‘We pledged not to eat each other’

The family that was shipwrecked for 38 days -
By Simon Hattenstone in The Guardian

In 1972, while travelling the world, the Robertsons’ boat was attacked by whales. They found themselves adrift for weeks on a tiny raft, forced to drink turtle blood, kill sharks and use enemas to stay hydrated, while fighting for their lives

It was 10am on a choppy morning at sea when 18-year-old Douglas Robertson heard a bang. Then another. And another. Their 13-metre (43ft) wooden schooner Lucette had been lifted out of the sea. “I thought: What the hell was that? We must have gone aground.” He looked at his father and discovered he was ankle-deep in water. Then he looked over his shoulder to the vastness of the Pacific. “There were three orcas; a daddy, mummy and a baby in between. The daddy’s head was split open and bleeding badly.”

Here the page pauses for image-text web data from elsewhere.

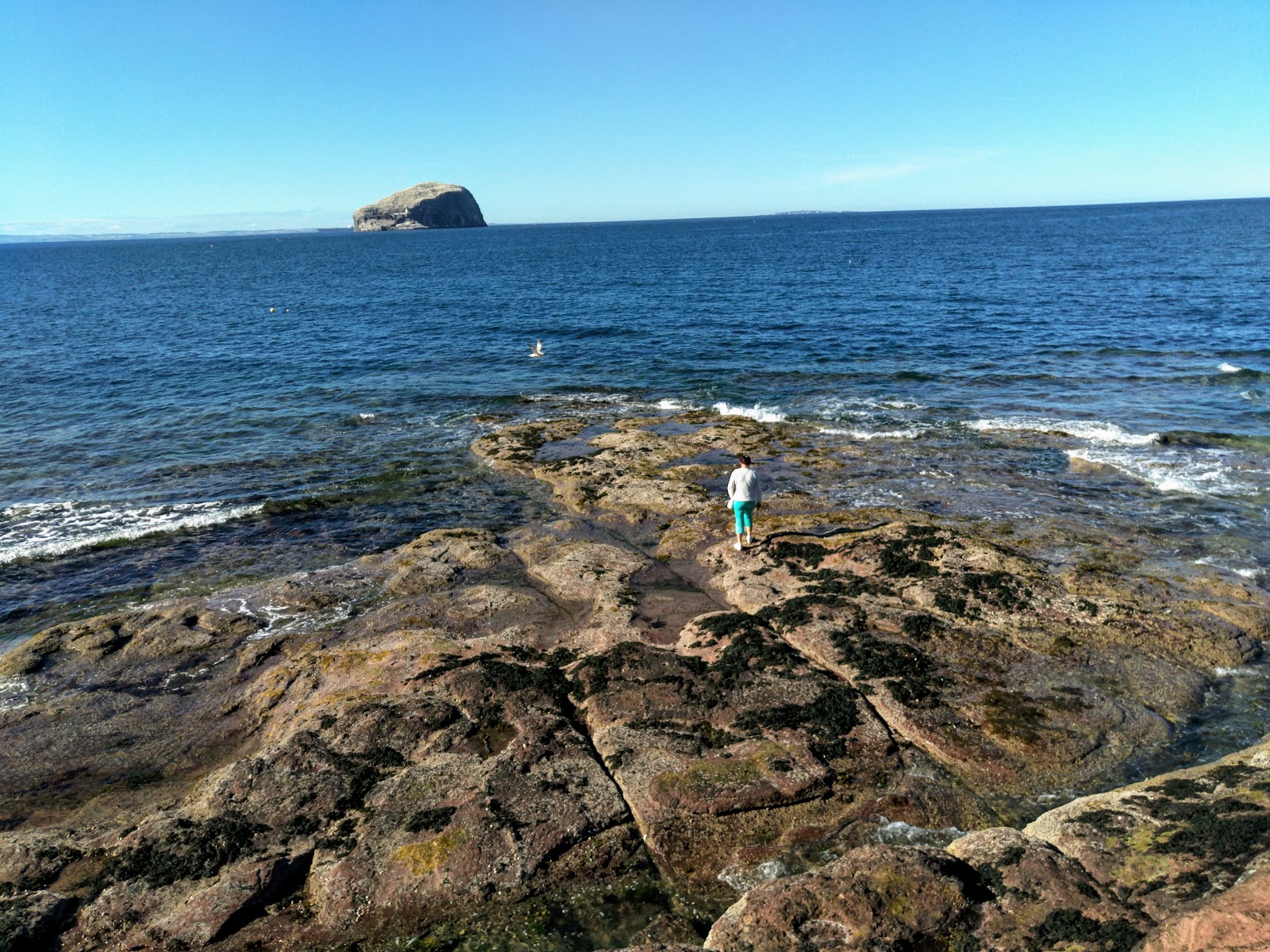 Foto von Seacliff Beach - beliebter Ort unter Entspannungskennern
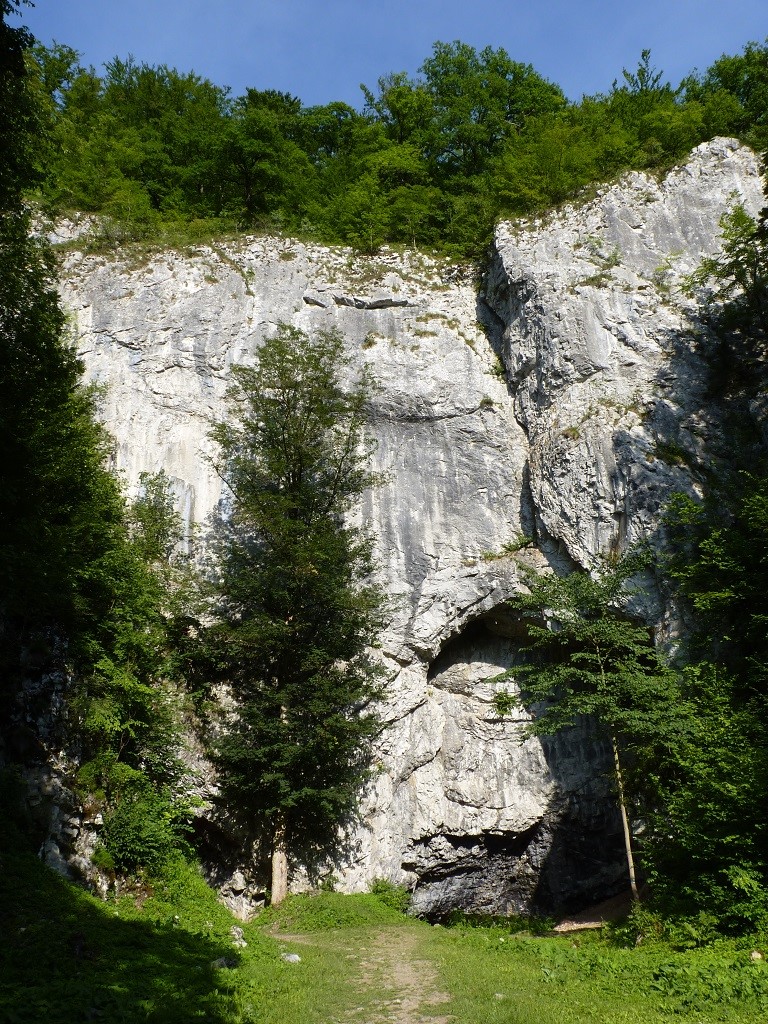 https://en.wikipedia.org/wiki/Bycí_skála_Cave#/media/File:Moravsky_kras,_Bycí_skála.JPG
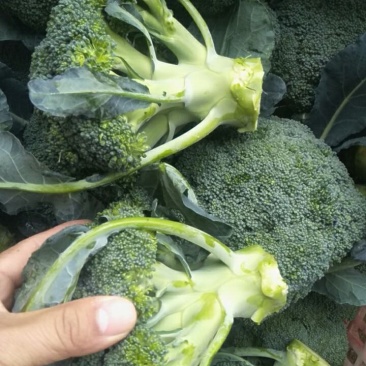 西蓝花新鲜上市，小米粒，短巴，货源充足质量可靠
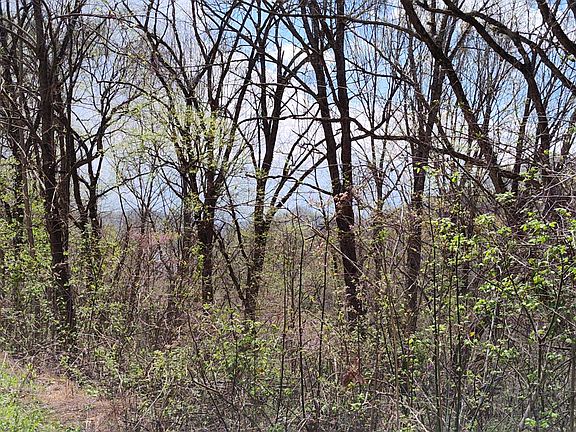 4th image of 25 Harbor Pointe Dr Lot 25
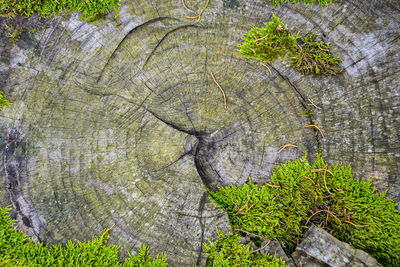 Close-up of tree stump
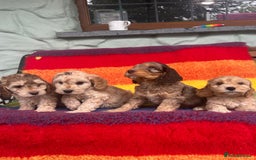 Cockapoo dogs for sale: Cockapoo puppies beautiful colours  - Image 31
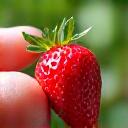 Mano sosteniendo fresas recién cosechadas de color rojo brillante.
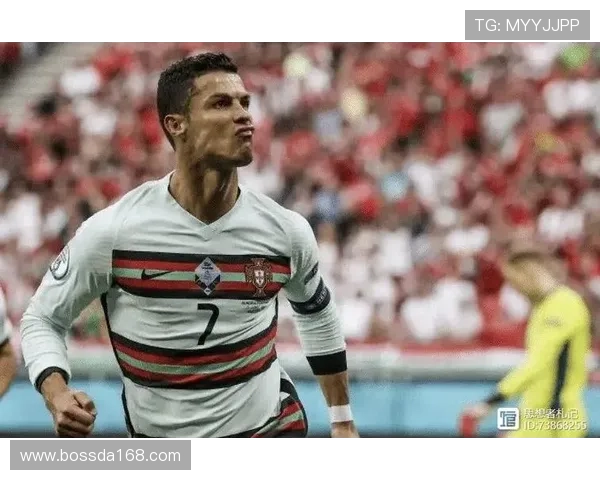 全球足球巨星的精彩人生与辉煌成就全景介绍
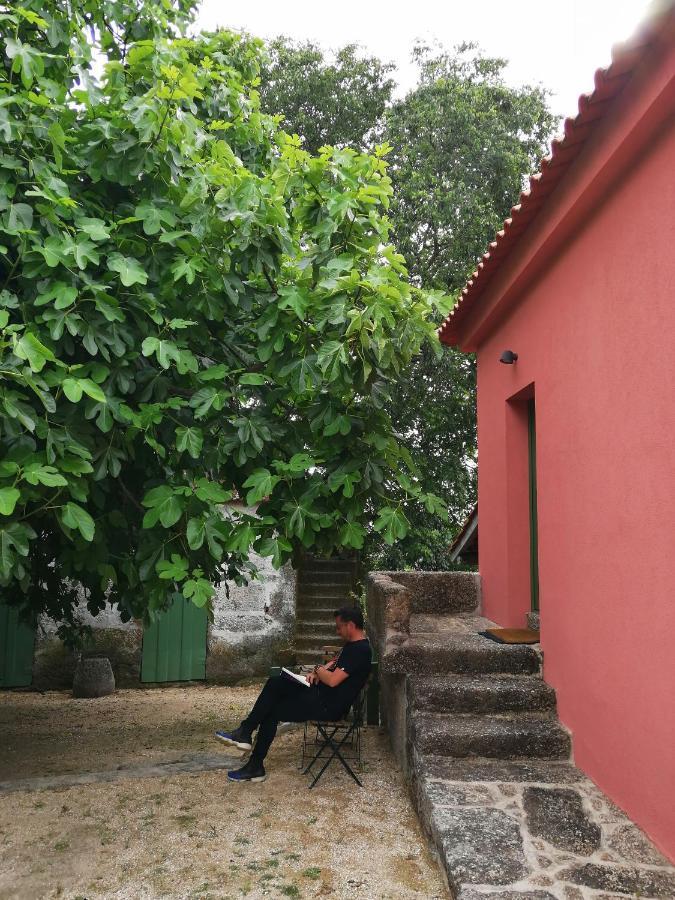 Quinta Do Santinho Vila Amarante Exterior foto
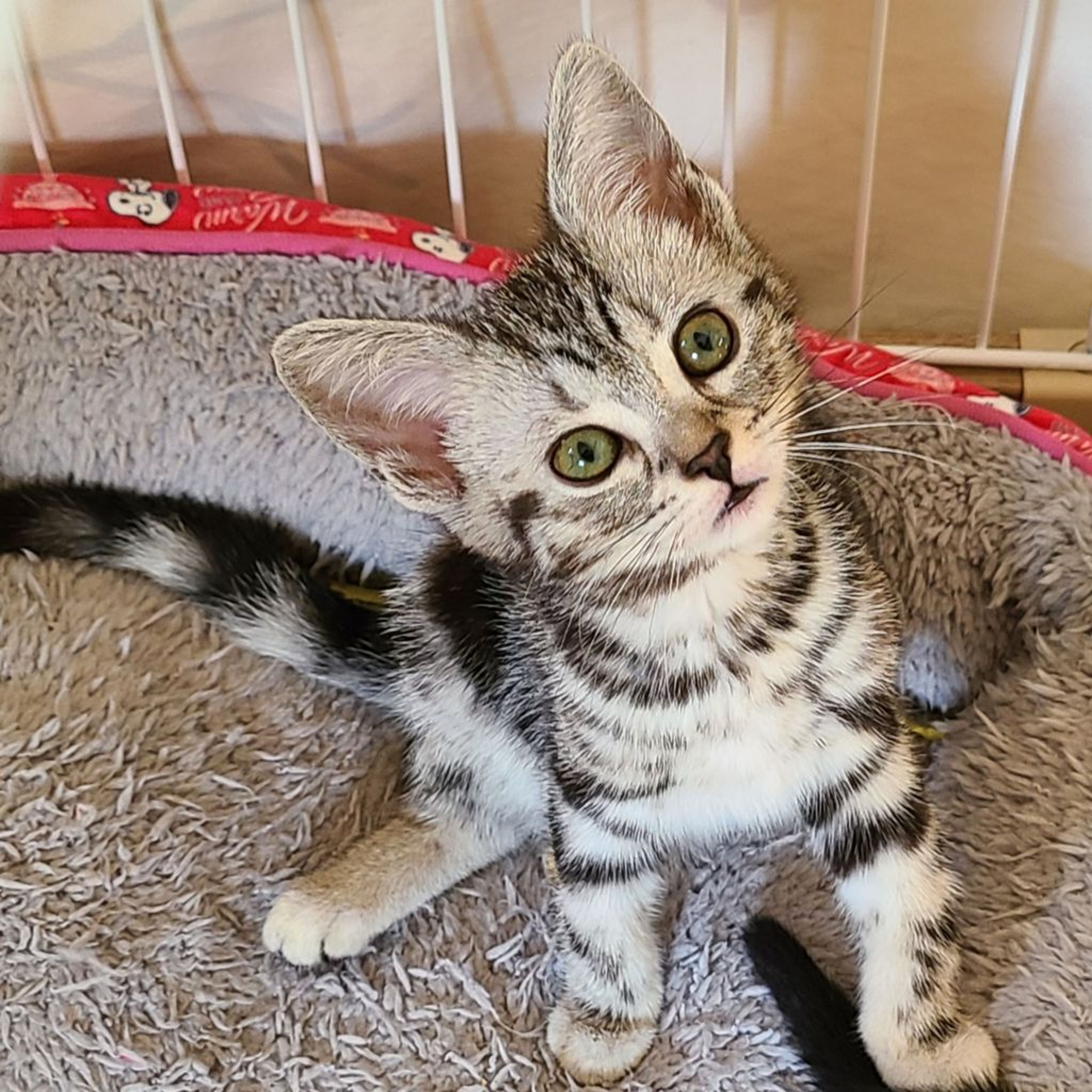pet-image-3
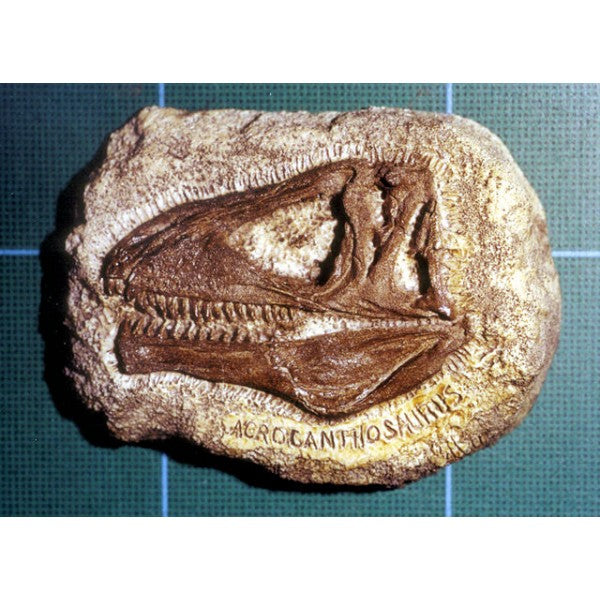 Acrocanthosaurus Skull Plaque (Model) - dinosaursrocksuperstore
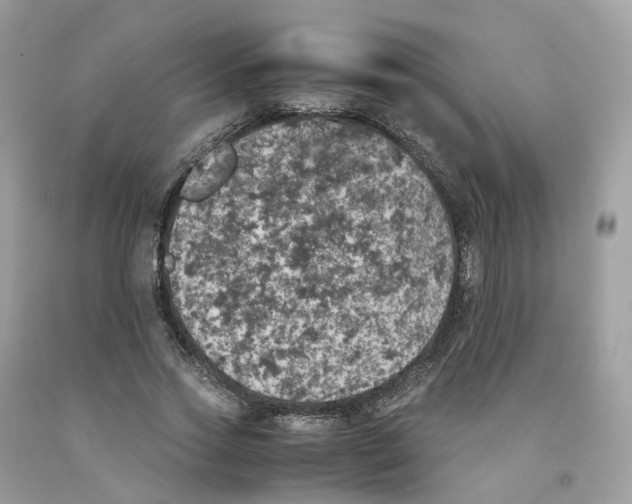 X0000091550733200709141515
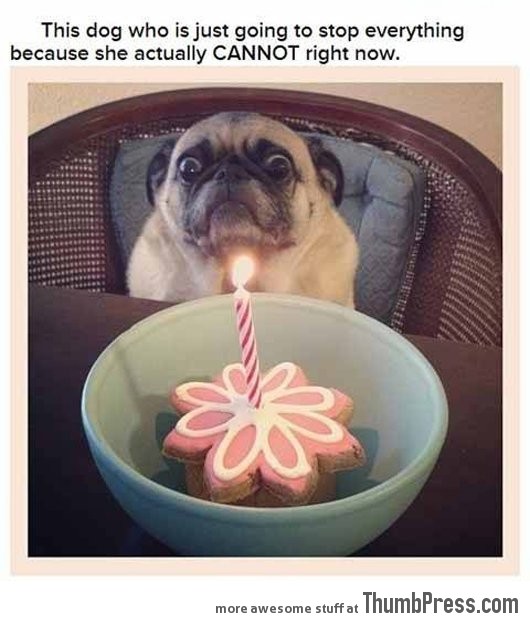 Dogs that can't even handle it right now 16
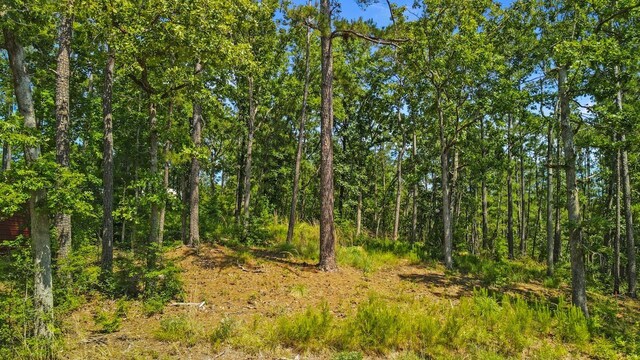 165 Oriole Dr, Brookeland, TX 75931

He turned back to his father, who was now knee-deep in water. It was only then that it dawned on him what had happened. The whales had attacked the schooner. “Dougal said: ‘Abandon ship, we’re sinking!’” Douglas, who had a complex relationship with the father he adored and feared, always calls him by his first name. “I said: ‘Abandon ship? We’re not in the marina, we’re in the middle of the Pacific Ocean. Abandon ship to where?’ Dougal said: ‘Over there.’ He pointed to the ocean. And I thought, he means it, he bloody well means it.”

The family’s wooden schooner LUCETTE in Las Palmas.